Натянули войлочные палатки, поставили охрану, разожгли костры, на которые пошли ветви ив. Но топлива было мало, и костры скоро угасли.
Ночь выдалась холодная. В морозной ее тишине часто слышался шум — то, наверное, шумела река — и дальний топот коней. Но охрана тревоги не подавала, и никто не хотел вылезать из тепла.
А рано утром, выйдя из палатки на белую от инея, мерзлую землю, Улугбек узнал, что почти все его нукеры бежали этой ночью из лагеря. Только шесть палаток чернели среди побелевшего поля, только шестьдесят скакунов было привязано к кольям. Хорошо, что не увели за собой всех лошадей.
Спали, укрытые попонами, лошади, растения казались вылепленными из паутины. И такая стояла кругом тишина!
Улугбек глубоко вдохнул льдистый, удивительно свежий воздух. Словно к чему-то прислушиваясь, прищурил глаза и потянул носом. Навязчивый запах исчез. Определенно исчез…

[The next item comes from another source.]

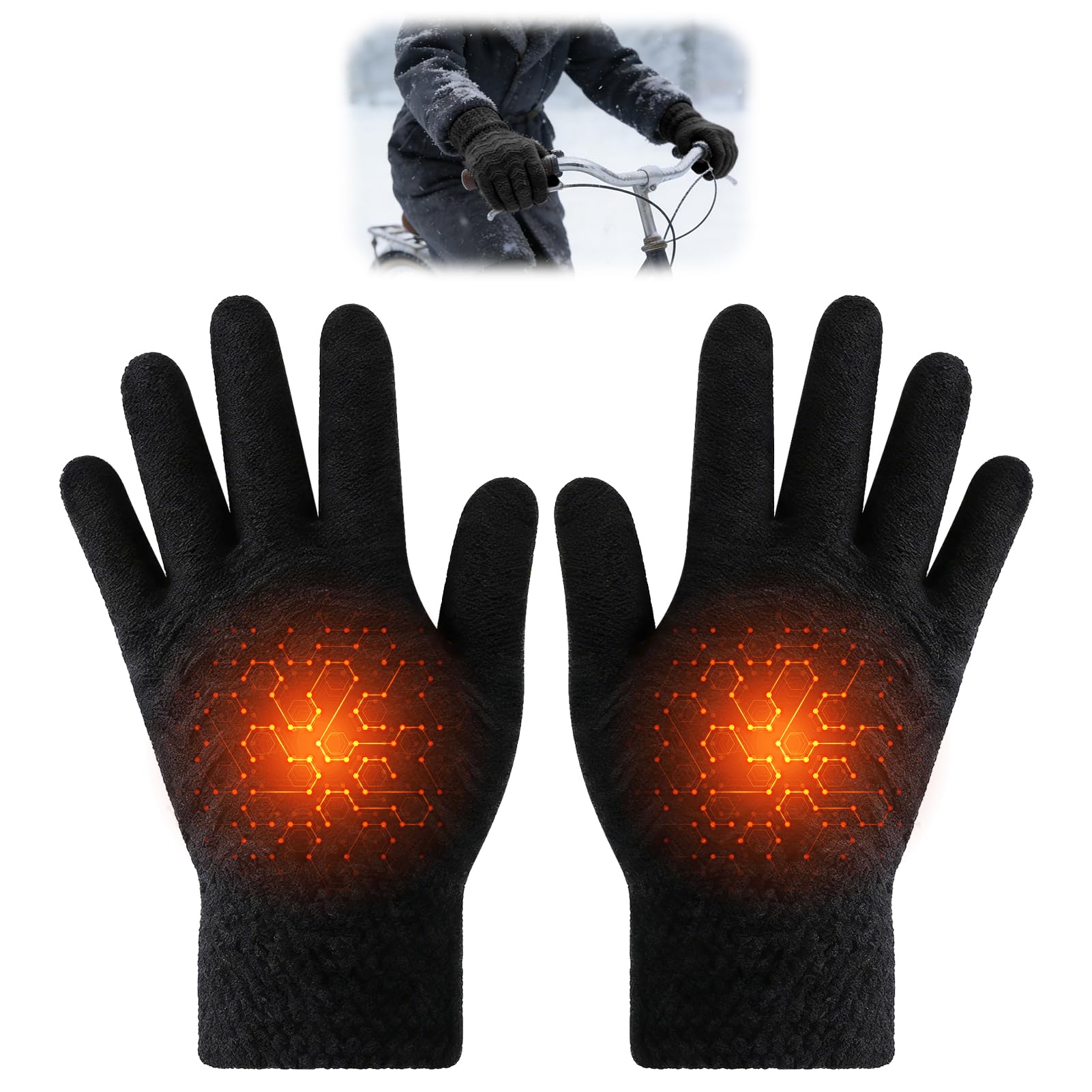 Gants Chauffants USB Antidérapants, 3 Températures Réglables, Gant Chauffant Tactile Pouce/Index, Chauffe Dos de Main & 5 Doigts, Câble 1,5 m 5V Lavables Homme Femme pour Cyclisme, Ski, Extérieur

В лагере больше не пахло безнадежностью! И Улугбек осознал, что отныне у него нет армии. Люди, над которыми висела его звезда, ушли, и он предоставлен теперь собственной судьбе.
Он решил ехать в Самарканд, чтобы объясниться там с мятежным сыном своим мирзой Абд-ал-Лятифом. По пути хотел посетить Баги-Мейдан и собрать своих астрологов, а то как бы не приключилось с ними беды. Уж для них-то он сумеет выговорить свободу и неприкосновенность. А еще, конечно, хотел заглянуть в тот виноградник, в последний раз, верно.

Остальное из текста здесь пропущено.